Today we celebrate our nation's 249th birthday, and there will be flags and speeches and burgers and 'dogs on the grill, and somewhere your drunk Uncle Carl, all jazzed up on Busch Light and patriotic fervor, will come thisclose to blowing off four or five fingers or toes.
The American Experiment meets "ER." Happens every July 4.
What doesn't always happen is the American Experiment meeting madmen who would undo it in the name of saving it.
It has become almost cliche in these bizarre times to say America has become a dark place hijacked by the aforementioned madmen, but as with most cliches much truth attends it. This is not, demonstrably and fundamentally, the America envisioned by our founders. Whatever truths they held as self-evident have become Fake News under our current regime, which traffics in the paranoia, fear-mongering and false grievance that always fuel autocratic governments.
Everyone's out to get us, according to the Regime. And so it's America's duty -- its patriotic duty -- to get them before they get us. America First, right?

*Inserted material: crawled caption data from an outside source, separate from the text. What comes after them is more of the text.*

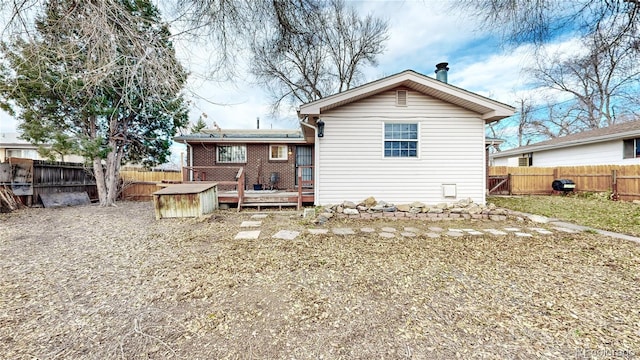 rear view of property with a wooden deck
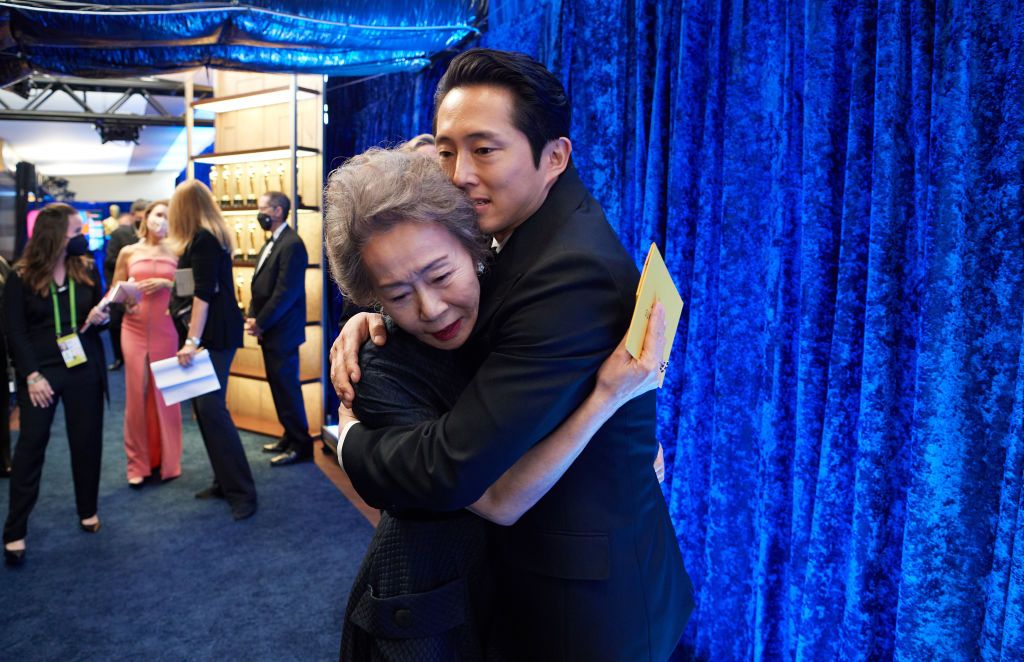 LOS ANGELES, CALIFORNIA â APRIL 25: (EDITORIAL USE ONLY) In this handout photo provided by A.M.P.A.S., Yuh-Jung Youn poses backstage with the Oscar® for Actress in a Supporting Role with Nominee Steven Yeun during the 93rd Annual Academy Awards at Union Station on April 25, 2021 in Los Angeles, California. (Photo by Richard Harbaugh/A.M.P.A.S. via Getty Images)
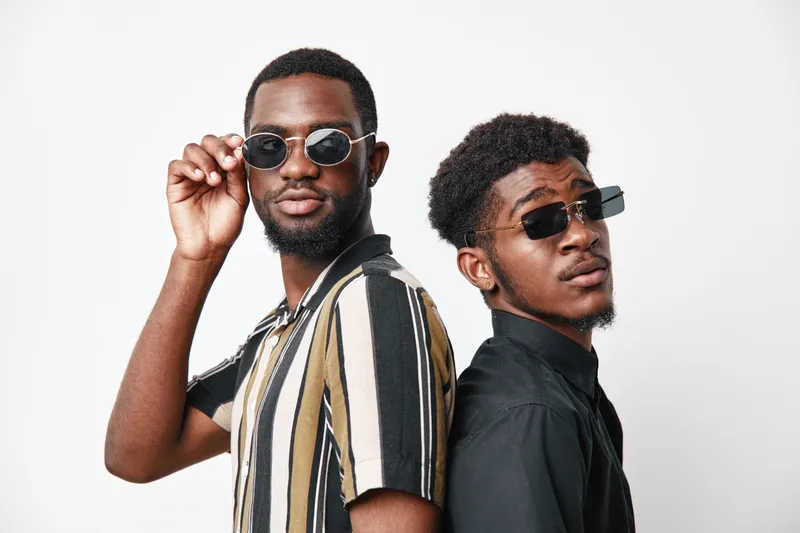 Two african men with dark skin wearing sunglasses and casual shirts posing back to back on white background. Stylish young black males with confident expressions and modern fashion.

This is how gardeners and laborers and people just living their lives become enemies of the state. It's how winners of the Purple Heart are forced to self-deport. It's how others -- so many others -- get snatched off the street and disappeared because they had the bad luck to be born with an Hispanic surname, or committed the misdemeanor of crossing the border without the proper papers five or 10 or 20 years ago.
It's how we get to a place where the President of the United States, the governor of Florida and the Armband Barbie running Homeland Security pose in front of cages in a concentration camp, and yuk it up at the thought of some poor migrant who's never harmed a soul being eaten by alligators.
This is not America, friends and neighbors. This is, rather, America turned upside-down, a mean, alien land where cruelty is seen as strength and the most despicable elements rule. Where we afflict the afflicted and comfort the comfortable, short-sheeting the most vulnerable in our society in order to shove more wealth into the hands of those already sitting on an Everest of wealth.
Where we allocate more money than some nations spend on their armies to paramilitary street punks cosplaying as law enforcement.
America as police state? Seems we're right around the corner from that now.
And, sure, maybe that's me plunging off the deep end like the rest of the country, but maybe it's also me seeing things through history's lens. Truth is, none of what's happening in America now is new, and there are numerous examples of where it leads. And if we're going to be honest about it, America has at times been one of those examples.
We are a nation of lofty ideals, but we're also a nation that has occasionally strayed from those ideals. Lady Liberty may hold her lamp high, but the anti-immigrant mania we're seeing now is merely the latest thread in a long and ugly tapestry of bigotry. Hispanics, primarily, are its targets this time around; at other times, it's been the Germans or the Irish or the Asians or the Eastern Europeans -- and that doesn't even get into the holocaust of slavery and Jim Crow that kept the Africans who built America in chains both literal and symbolic.
Land of the free and home of the brave? Pretty words, but not always true.
And yet ...
And yet, for all of that, I will wave my flag today. I will do it for the founders and for their vision, no matter how many times it's been vandalized. I will do it for those Americans who understand that vision, and who do what they can for the marginalized and disadvantaged left eating the Regime's dust.
I will do it for the America that stood up to Hitler and Tojo, and went to the moon, and spearheaded the Berlin Airlift. I will do it for the America that once reached out to alleviate suffering around the world without asking what was in it for us.
That's the America I still believe in, not this one. Not this I-got-mine Regime that decided money spent to tend to the world's sick, hungry and impoverished was a giant scam because the Regime wasn't getting a proper cut.
Those people I won't think about today. Instead, on this most fragile of Fourths, I'll do what I always do: Cue up the Declaration of Independence episode of the HBO series "John Adams." Only this time I'll come at it from a different angle.
This time, I'll watch it not as an affirmation of America, and what makes it America.
This time, I'll watch it wondering how we get back to that.